The Lost Boy/ PDF VERSION

If you’ve seen Boogie Nights, then you might remember Philip Seymour Hoffman. He was the furtive, poolside chump with the soiled tank top who makes a crushing pass at Dirk Diggler, and spends the rest of the film skulking in the shadows. For Hoffman, lurking just out of consciousness is something to which he’s become accustomed. Do you remember him in Twister? Leap of Faith? Scent of a Woman? Not easy, is it?

The 30-year-old Hoffman’s time may have come now, though. This month he appears opposite Jeff Bridges and John Goodman in the rambunctious, noir-tinged bowling comedy The Big Lebowski, Joel and Ethan Coen’s follow-up to Fargo. For his role as the beseeching, well-bred Brandt, he reprises the edgy obsequiousness of Boogie Nights’ Scottie Jay, this time swapping tank top and Southern California drawl for blue blazer and Republican whine. It’s still a small role, and Hoffman knows you’re unlikely to see his name in four-inch film-poster type just yet.

“I’d like to be a leading man,” he sighs, “but I don’t think people see me as that.” Such is the plight of the character actor: the roles are often so radically disparate that it’s easy to get lost in the Hollywood shuffle. Is that Skeet Ulrich or Billy Crudup? Michael Rapaport or James LeGros? Phil Hoffman or Chris Farley? “That Chris Farley thing never goes away,” bemoans Hoffman over his frequent comparisons to the late Saturday Night Live comedian. “Is it because I have a gut? I suppose there was a lot of Farley in Scotty Jay: both were needy fellows; ten-year-old boys trapped in men’s bodies.”

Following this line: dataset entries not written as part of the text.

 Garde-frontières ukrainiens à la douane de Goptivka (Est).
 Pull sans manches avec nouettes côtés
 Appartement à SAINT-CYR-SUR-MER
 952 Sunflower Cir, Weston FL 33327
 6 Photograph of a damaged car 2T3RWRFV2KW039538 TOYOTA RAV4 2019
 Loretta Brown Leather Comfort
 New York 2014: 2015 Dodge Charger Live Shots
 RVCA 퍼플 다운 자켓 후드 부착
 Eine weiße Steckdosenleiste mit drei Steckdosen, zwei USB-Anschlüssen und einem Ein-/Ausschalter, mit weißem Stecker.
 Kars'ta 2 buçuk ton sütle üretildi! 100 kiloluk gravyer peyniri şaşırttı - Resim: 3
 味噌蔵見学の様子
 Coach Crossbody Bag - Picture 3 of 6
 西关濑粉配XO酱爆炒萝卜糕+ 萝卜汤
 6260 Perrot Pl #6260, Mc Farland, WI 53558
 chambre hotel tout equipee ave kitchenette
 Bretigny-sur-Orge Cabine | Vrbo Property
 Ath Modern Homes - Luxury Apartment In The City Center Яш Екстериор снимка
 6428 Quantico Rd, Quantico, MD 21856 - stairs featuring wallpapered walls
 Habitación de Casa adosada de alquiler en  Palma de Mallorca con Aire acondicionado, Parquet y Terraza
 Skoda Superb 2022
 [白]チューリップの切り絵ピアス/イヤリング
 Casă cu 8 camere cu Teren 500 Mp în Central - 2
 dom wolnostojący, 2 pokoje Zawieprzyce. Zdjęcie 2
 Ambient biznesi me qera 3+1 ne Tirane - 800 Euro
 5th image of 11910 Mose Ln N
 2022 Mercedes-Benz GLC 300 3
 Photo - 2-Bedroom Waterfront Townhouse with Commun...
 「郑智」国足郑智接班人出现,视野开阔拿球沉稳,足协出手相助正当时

In addition to Lebowski, Hoffman has more projects in the can for 1998. There’s Brad Anderson’s Next Stop, Wonderland, Jennifer Leitzes’ Montana and Todd Solondz’s follow-up to Welcome to the Dollhouse. “My character’s in love with his next-door neighbor, but he’s inept with women,” Hoffman says. “He’s got a lot of sexual problems.”

“I’m easily distracted, easily bored,” says Hoffman of his career swings. “If I don’t create something unique each time, then I don’t feel fully engaged. I have to do something different or I’m just not going to act as well.”